Özlem okulun havasını teneffüs edemedi arkadaşlarıyla birlikte ders çalışmanın keyfine varamadı. Çok zengin olmalarına rağmen ailesinin kuralcı olması nedeniyle diğer arkadaşları gibi gezip eğlenemiyor istediği gibi davranamıyor giyinemiyordu. Annesinden hiçbir konuda yardım alamıyordu. Annesinin tek fonksiyonu ev işlerini yapmasıydı. Bunun dışında evde babası ne isterse öyle oluyordu.
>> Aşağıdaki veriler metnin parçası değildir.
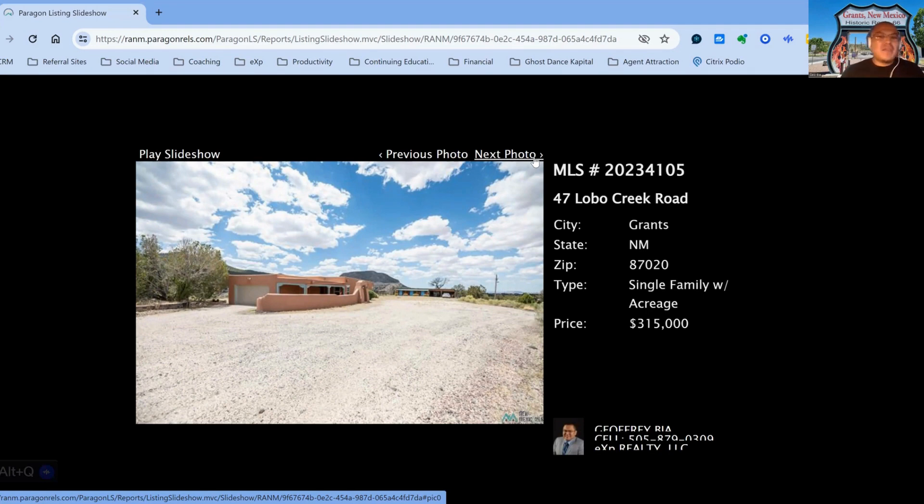This is Gio Baia, your homeboy, with your Grants Market Update for the week of December 18, 2023. Once again, the highest listing currently on the market is $315,000, on the low end $12,000, with an average of $131,275. 187 days on the market is the longest, on the low end 19 days, with an average of 113 days. Feel free to reach out for any real estate needs that you may have.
Özlem hayat dolu cıvıl cıvıl gezmeyi eğlenmeyi giyinmeyi seven bir kızdı. Hayatını dilediği gibi yaşamak istiyordu. Karşısına çıkan ilk erkekle flört etmeye başladı. Çok geçmeden birbirini sevdiler ve evlenmeye karar verdiler.
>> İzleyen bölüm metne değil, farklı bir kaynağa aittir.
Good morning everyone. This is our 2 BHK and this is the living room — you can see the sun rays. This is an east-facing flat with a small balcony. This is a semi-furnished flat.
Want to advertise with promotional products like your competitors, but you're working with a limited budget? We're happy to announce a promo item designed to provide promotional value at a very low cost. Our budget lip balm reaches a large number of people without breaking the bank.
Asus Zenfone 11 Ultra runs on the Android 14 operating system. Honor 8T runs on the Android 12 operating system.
Özlem’in yaşı küçük olduğu için babası bu evliliği onaylamadı. Özlem’in tek istediği şey, evlenip baba evinden uzaklaşmak yeni bir hayat kurmaktı. Evlenip hayatını yaşayacak eğlenceden eğlenceye koşacaktı. Ona kimse karışmayacaktı. Hayallerinin peşinden koşarak gizlice kaçarak evlendi.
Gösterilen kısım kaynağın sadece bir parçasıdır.